I will fill in the time line and answer some of your questions for general information about the truck starting problem. I bought the truck new. About 2 months ago the truck would intermittantly not turn over when you turned the key on. If you hit the key a few times it would turn over and start. I removed the starter and had it checked at Autozone. It came back as defective. The starter (which was the original) was replaced and the engine cranked over when you tried to start the vehicle. At the time of the starter replacement my son also replaced the spark plugs, ignition wires, cap and rotor in the vehicle as it had a slight miss and the last time they were replaced was over 100,000 miles ago. About this time is when the truck would not start after driving it 35 miles, shutting it off and trying to restart until it had time to cool off (half hour or more). The coil was over 7 years old so my son replaced the coil. This did not solve the problem for restarting a hot engine. It was suggested to replace the ignition module so this was replaced without correcting the problem. I did not think it was the battery because my son tried jump starting the truck when it was hot and it would not start or turn over. When my son came home the other day and shut off the engine it would not start. I had another battery and used it to swap out the battery that was in the truck. The truck, which was still hot, started right up. I purchased a new battery and placed it in the truck on Friday. My son, who has been using the truck, came by today and said the truck has been starting fine. 

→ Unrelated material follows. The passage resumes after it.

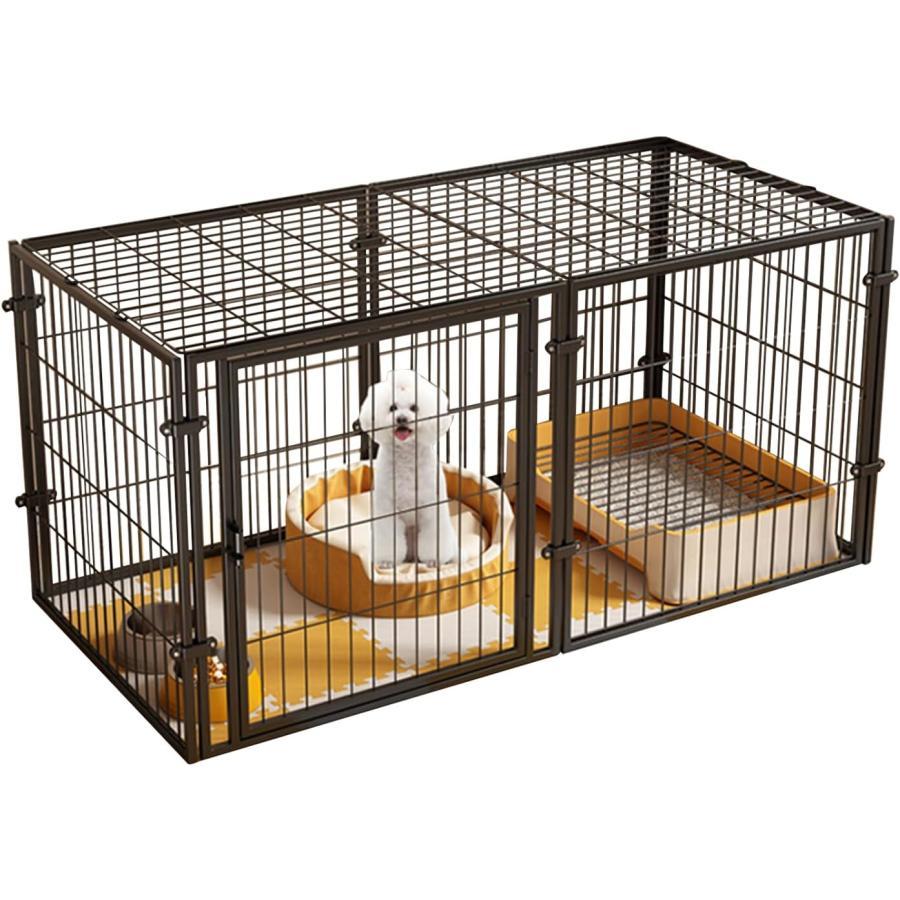pltstoreペットサークル ペットフェンス 中型犬 小型犬用 折りたたみ可能 ドア付き ブラック 金属製 6パネル 連結可能 室内外兼用 組立簡単 犬ゲージ ドッグサー_4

Thanks again for all your suggestions.


----------



## bikehealer1 (Oct 8, 2009)

One thing people do not realize is that batteries are a wear item just like any other in a vehicle. Yes, they can last a long time, but they do eventually "wear" out. I run into batteries at work all the time that will crank a bike cold, but take a few more revolutions to crank or the engine catches after you let off the starter. Hermitjohns ground suggestion was my first thought after reading the beginning post. I have also experienced factory cables going bad where the cable goes into the crimp, yet never show a bit of corrosion. Glad you got your problem solved.


----------



## Travis in Louisiana (May 14, 2002)

Retire2, thanks for the update. I always like to hear how a problem was solved.


----------



## pipedreamer (Jan 23, 2012)

I'm not sold on a new battery,in my opinon the problem might revisit you.the battery (if it is a bad starter) will loose its Cranking amps because of resistance thru the starter.if this problem comes back in a couple of months point the finger at the starter . If it doesn't well shame on my opinon.


----------



## agmantoo (May 23, 2003)

pipedreamer

I fully agree that the starter is the true problem! The battery has just over shadowed the problem.


----------



## retire2$ (Feb 12, 2003)

In my original post I stated that I had the starter checked and it was defective. I then replaced the starter but the problem of not starting continued. After I replaced the battery I have not had any problem starting the truck when it is hot. I will give an update in a few months if the problem returns. Thanks for all your comments and recommendations.


----------